Why wait until New Years to see fireworks? The Titanic attraction in Pigeon Forge is planning on sending the year out with a bang, just a month or so early. So, on November 22, they are going to pay tribute to the 2,208 people who lost their life aboard the Titanic with a spectacular fireworks display.
The night sky will be filled with fireworks that night as we all celebrate the lives and legacies of the ship’s passengers, crew and rescuers. Officials with the Titanic attraction say it will be the largest fireworks event on the Smoky Mountain Parkway since the museum’s grand opening in 2010.
And that’s not all…. Guests will be able to take in the Titanic’s holiday lighting display, Edwardian-period decorations, the liner’s costumed staff, and a gift shoppe overflowing with original, one-of-a-kind gifts.
At Titanic Pigeon Forge, visitors get a one-of-a-kind glimpse into the luxury liner’s past. Guests can walk what the hallways, parlors, cabins and Grand Staircase of the Titanic would have been like before that fateful day. You’ll also get to view some 400 artifacts pulled directly from the ship’s remains on the ocean floor. Touch a real iceberg while you’re there, put your hands in actual 28-degree water, and try to balance yourself on a sloping deck.
Pigeon Forge’s Titanic Museum Attraction is a gateway to 1912. Between the educated crew and the 400-plus priceless artifacts on display throughout the museum, it’s really a homage to the lives of those passengers and crew members on board the Titanic’s maiden voyage. It’s also a collection valued at over $4.5 million.
The Titanic Memorial Room lists the 2,208 people who died in that voyage. Each name is inscribed on the wall. Guests can match their boarding pass, which lists a passenger’s name, with the pass-holder’s fate there.

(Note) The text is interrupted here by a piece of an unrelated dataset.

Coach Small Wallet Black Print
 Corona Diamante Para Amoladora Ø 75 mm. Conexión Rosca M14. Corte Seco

You definitely do not want to miss the Grand Staircase. Constructed from the original Harland & Wolff plans with its oak carvings and cherub statue, the Grand Staircase is a work of art in its own right. Its oak wall paneling and elaborate railings and iron scroll work come alive in the light. Listen carefully to hear what the floor was made of – something considered most expensive for 1912.

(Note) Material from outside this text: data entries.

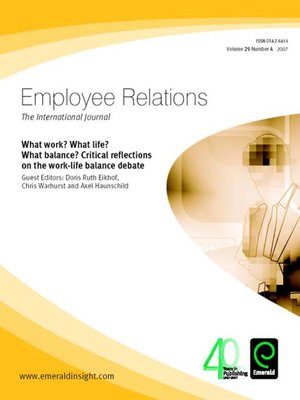 cover image of Employee Relations, Volume 29, Issue 4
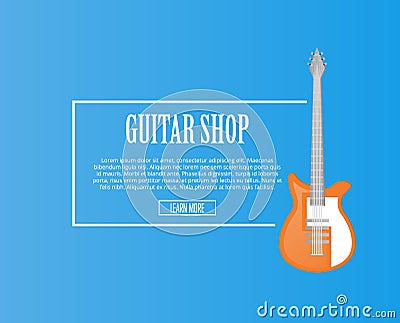 Guitar shop banner with orange acoustic guitar Vector Illustration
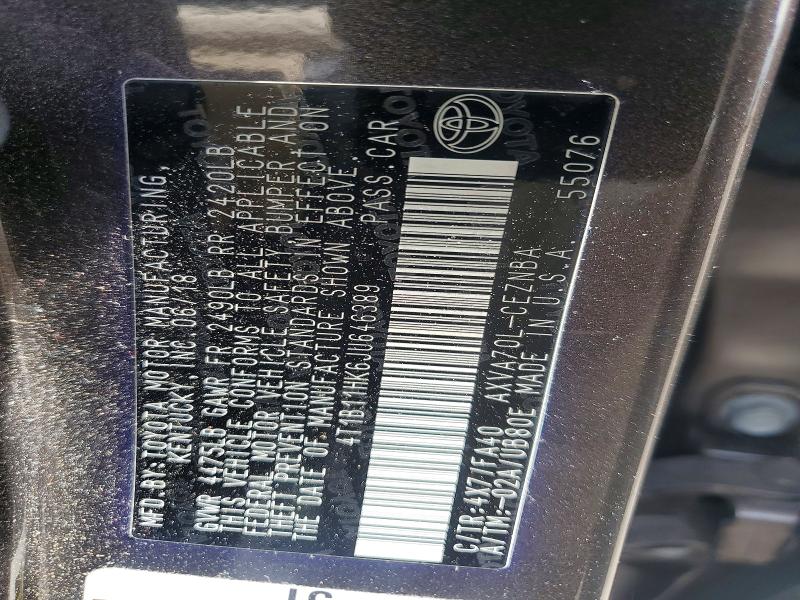 Продажа на аукционе авто 2018 Toyota Camry, vin: 4T1B11HK6JU646389, номер лота: 54404726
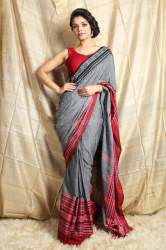 Plain Red Border Saree For Ladies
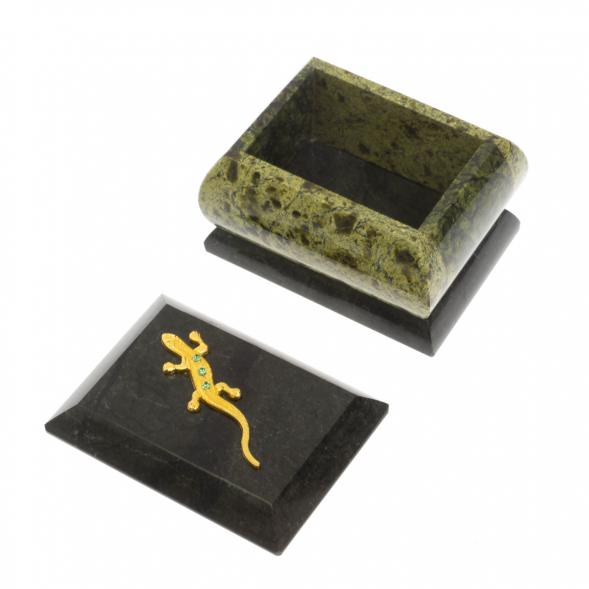 Шкатулка &amp;quot;Ящерица в стразах&amp;quot; из змеевика 7,5х5,5х5,5 см 129998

A few of the activities guests can enjoy while touring the museum include:
– Simulating loading coal into a burning furnace.

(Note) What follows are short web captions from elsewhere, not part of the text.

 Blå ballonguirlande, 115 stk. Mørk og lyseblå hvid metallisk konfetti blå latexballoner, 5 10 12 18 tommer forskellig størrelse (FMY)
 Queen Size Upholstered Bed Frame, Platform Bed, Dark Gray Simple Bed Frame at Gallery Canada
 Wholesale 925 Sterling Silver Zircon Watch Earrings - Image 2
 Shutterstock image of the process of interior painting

– Getting into an actual size lifeboat. Sending an SOS signal, and tying rope knots.
– Steering a ship.
– Standing on the Titanic’s bridge and hearing the Captain’s commands.
– Standing on the deck of the ship’s stern and experiencing the different precise angles of the ship as it gradually descended into the water over a span of 2 hours and 40 minutes.
– For young guests eight and under, there is a special section (Tot-Titanic) devoted to them with various interactive games and stations.